Un sostegno alle imprese e a Cibus viene assicurato da ICE – Agenzia, come ha riferito il Presidente Carlo Ferro: “L’export del nostro Paese è ripartito nel 2021 e così l’agroalimentare italiano che ha registrato una crescita del +14.7% rispetto al 2019. Alle nuove sfide dei mercati internazionali post-Covid, si aggiunge, tuttavia, uno scenario internazionale dominato da inattese e drammatiche complessità geopolitiche. In questo quadro fare sistema è ancor più importante.
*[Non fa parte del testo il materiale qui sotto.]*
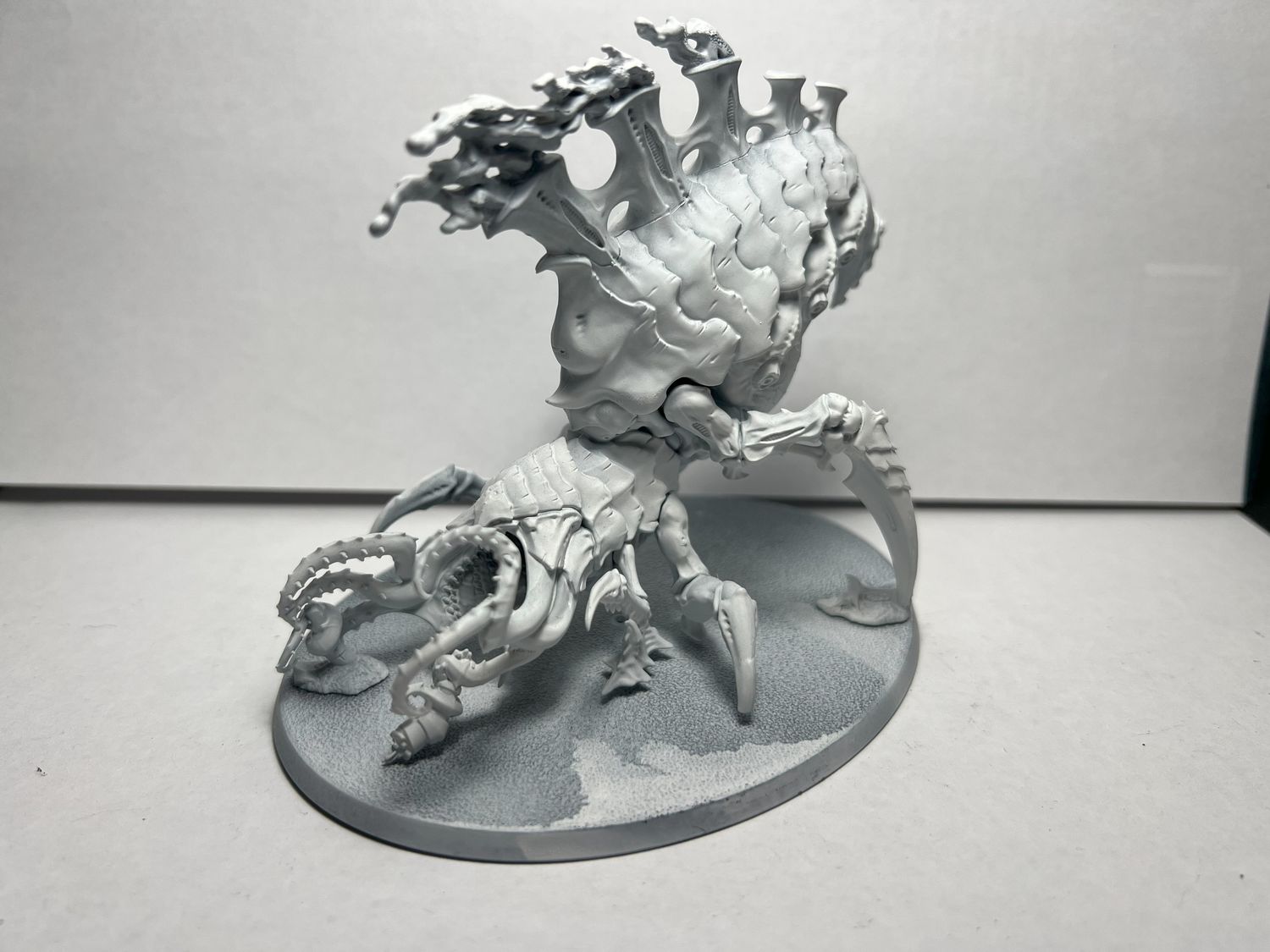 TYANID PSYCHOPHAGE #1 WARHAMMER 40K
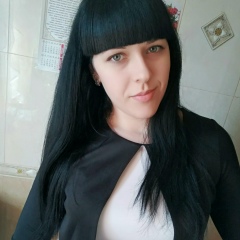 Ксения Кухтий, 16.10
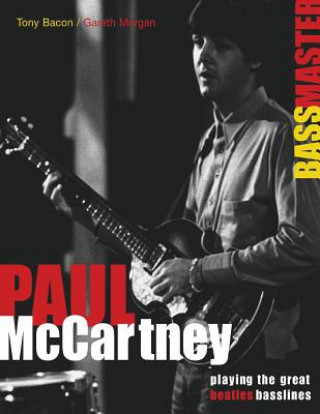 Paul McCartney: Bassmaster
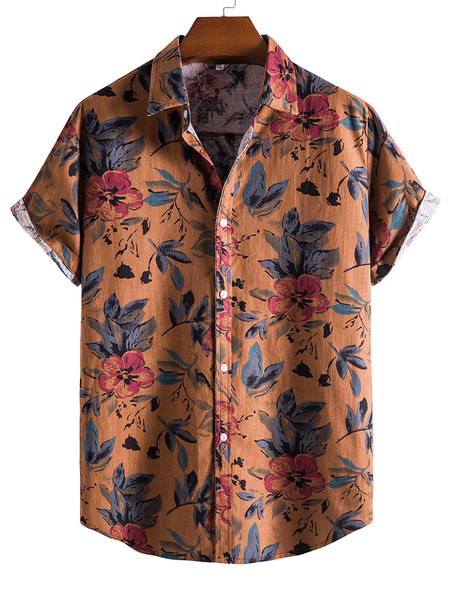 

Casual Shirts & Tops, Color, Shirts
Per questa edizione i nostri uffici prevedono di portare a Parma 380 buyer specializzati e 10 giornalisti da 42 Paesi e faciliteranno la diffusione della piattaforma My Business Cibus. Con l’auspicio, di cuore, che ben prima della data di apertura della fiera, il mondo abbia ritrovato la pace”.

Cibus 2022 sarà un’occasione per definire il ruolo di resilienza dell’agroalimentare, come ha detto Antonio Cellie, Ceo di Fiere di Parma: “Dobbiamo ricordare che il cibo è un bene primario e personalmente auspico che il dibattito della community di fronte alla tragedia umanitaria in Ucraina viri rapidamente dagli aspetti economici a quelli sociali. Su questo, infatti, apriamo Cibus 2022: come l’Agroalimentare può e potrà contribuire alla stabilità dei territori e all’ inclusione delle persone”.

Su Cibus capitale della Food Valley, Gino Ganfolfi, Presidente di Fiere di Parma, ha dichiarato: “Radicata sul territorio e in stretta collaborazione con le Istituzioni, Cibus costituisce l'ingresso ideale per i buyer che provengono da tutto il mondo per scoprire la Food Valley e i suoi prodotti. Possiamo presentare una manifestazione in grado di creare valore e di generare anche un rilevante impatto economico e sociale per la Comunità locale e per l’intero territorio nazionale”.